われわれが出来事をつなぎ合わせて物語を作り上げその物語がわれわれ自身の本質となる。これが人と世界のつながり方だ。人が自分について世界が見る夢から逃れたときこのことが罰ともなり褒美ともなる。

終盤でビリーが聞かされるこのセリフこそが、エッセンスになる。各人は自分の人生を物語る吟遊詩人のようなものだ。そして聞き手がいる限り、物語は生き続ける。

もう一つ。以下は著者コーマック・マッカーシーがインタビューに応じて答えたものだが、彼のあらゆる作品の通底音となっている。
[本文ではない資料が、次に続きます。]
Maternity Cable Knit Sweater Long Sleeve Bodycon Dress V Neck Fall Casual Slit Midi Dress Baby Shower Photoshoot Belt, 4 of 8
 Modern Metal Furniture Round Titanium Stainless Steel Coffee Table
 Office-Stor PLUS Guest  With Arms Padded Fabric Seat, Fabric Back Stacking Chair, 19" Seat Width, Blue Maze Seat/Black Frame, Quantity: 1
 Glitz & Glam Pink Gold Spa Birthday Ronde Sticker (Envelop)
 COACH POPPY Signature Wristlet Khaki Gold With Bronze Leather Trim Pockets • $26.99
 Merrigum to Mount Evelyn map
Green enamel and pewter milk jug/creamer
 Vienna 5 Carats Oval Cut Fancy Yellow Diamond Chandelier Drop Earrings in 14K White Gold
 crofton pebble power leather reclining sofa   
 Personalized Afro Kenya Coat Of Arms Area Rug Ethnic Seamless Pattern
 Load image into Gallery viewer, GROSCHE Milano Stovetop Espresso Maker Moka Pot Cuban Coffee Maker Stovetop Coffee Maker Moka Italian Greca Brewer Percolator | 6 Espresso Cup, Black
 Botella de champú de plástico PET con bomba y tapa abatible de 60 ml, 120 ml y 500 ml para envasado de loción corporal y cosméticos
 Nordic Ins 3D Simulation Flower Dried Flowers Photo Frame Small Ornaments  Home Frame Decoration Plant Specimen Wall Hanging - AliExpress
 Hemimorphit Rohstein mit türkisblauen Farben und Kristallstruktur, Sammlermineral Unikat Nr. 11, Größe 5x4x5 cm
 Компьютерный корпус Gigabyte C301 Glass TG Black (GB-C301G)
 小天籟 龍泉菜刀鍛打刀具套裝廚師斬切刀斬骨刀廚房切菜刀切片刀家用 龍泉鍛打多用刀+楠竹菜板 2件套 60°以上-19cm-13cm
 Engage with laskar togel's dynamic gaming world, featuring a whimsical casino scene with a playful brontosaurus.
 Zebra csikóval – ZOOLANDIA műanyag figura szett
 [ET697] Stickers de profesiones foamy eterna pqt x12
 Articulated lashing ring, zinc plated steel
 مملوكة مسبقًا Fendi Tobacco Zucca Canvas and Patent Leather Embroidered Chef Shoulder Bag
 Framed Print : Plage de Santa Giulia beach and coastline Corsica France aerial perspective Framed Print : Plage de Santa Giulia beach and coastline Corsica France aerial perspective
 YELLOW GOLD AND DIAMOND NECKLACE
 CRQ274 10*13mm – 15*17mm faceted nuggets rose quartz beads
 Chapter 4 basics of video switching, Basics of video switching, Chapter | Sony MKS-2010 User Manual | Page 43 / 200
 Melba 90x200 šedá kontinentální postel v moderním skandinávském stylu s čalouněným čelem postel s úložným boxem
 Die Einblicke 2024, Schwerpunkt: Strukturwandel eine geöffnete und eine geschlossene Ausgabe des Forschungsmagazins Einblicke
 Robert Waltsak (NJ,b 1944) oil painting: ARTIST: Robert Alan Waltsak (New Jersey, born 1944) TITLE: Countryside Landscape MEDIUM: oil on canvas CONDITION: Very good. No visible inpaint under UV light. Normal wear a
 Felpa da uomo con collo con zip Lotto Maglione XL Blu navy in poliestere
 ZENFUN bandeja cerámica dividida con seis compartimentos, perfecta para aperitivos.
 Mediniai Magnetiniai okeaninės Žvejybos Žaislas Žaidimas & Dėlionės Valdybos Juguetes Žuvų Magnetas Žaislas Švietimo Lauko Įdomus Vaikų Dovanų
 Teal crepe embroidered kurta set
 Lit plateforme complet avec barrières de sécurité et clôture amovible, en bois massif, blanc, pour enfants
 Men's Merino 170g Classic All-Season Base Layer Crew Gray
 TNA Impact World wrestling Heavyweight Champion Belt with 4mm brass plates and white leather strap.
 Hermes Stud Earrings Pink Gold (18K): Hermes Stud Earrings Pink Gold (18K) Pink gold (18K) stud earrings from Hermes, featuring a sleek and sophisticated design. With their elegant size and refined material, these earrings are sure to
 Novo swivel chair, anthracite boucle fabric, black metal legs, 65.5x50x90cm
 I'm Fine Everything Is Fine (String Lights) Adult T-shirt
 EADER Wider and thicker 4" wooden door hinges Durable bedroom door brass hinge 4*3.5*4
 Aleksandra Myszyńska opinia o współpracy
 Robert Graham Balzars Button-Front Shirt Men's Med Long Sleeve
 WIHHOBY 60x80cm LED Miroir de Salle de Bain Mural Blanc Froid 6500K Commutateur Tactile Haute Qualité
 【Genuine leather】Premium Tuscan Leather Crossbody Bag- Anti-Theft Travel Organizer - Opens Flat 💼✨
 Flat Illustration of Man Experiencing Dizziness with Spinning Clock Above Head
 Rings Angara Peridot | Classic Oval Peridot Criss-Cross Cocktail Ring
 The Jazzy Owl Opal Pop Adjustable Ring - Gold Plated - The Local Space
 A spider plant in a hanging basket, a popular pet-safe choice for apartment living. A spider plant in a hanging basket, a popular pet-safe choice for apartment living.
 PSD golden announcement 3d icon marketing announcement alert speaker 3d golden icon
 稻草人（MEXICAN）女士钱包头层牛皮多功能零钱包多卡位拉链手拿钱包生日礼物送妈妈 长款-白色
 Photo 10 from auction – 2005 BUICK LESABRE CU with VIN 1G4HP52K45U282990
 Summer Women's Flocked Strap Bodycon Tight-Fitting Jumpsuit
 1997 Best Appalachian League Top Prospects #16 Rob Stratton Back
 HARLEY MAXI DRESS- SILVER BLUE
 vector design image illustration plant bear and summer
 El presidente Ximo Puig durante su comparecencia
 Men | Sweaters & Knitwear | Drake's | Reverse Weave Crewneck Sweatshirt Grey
流血のない世界などない。人類は進歩しうる、みんなが仲良く暮らすことは可能だ、というのは本当に危険な考え方だと思う。こういう考え方に毒されている人たちは自分の魂と自由を簡単に捨ててしまう人たちだ。そういう願望は人を奴隷にし、空虚な存在にしてしまうだろう。

野生動物に流れている血が人間の内にも流れていることを実感させ、人間の残虐性を剥き出しにする一方、無償の善意にも開かれている世界を克明に描き、そこに根強く残る人間のあり方を自問させ続ける―――これを「西部劇」のフォーマットでやったのが、国境三部作(ボーダー・トリロジー)だ。ただし、西部劇からは形式だけを流用して、全く別物に換骨奪胎している。

国境三部作の構成

国境三部作は、以下の構成となっている。

  1. 『すべての美しい馬』:主人公はジョン・グレイディ・コール(当初16歳)、1949~50年の物語 [レビュー]
  2. 『越境』:主人公はビリー・パーハム(当初16歳)、1940~44年の物語 [レビュー]
  3. 『平原の町』:二人の主人公が合流する、1952年の物語

第一作のラストで目的地を失ったジョン・グレイディ、第二作のラストで居場所を失ったビリーが、第三作で共に行動をする。19歳のジョン・グレイディと、28歳のビリーの物語だ。カウボーイとしての生き方しかできないにもかかわらず、できる場所がどんどん失われている時代だ。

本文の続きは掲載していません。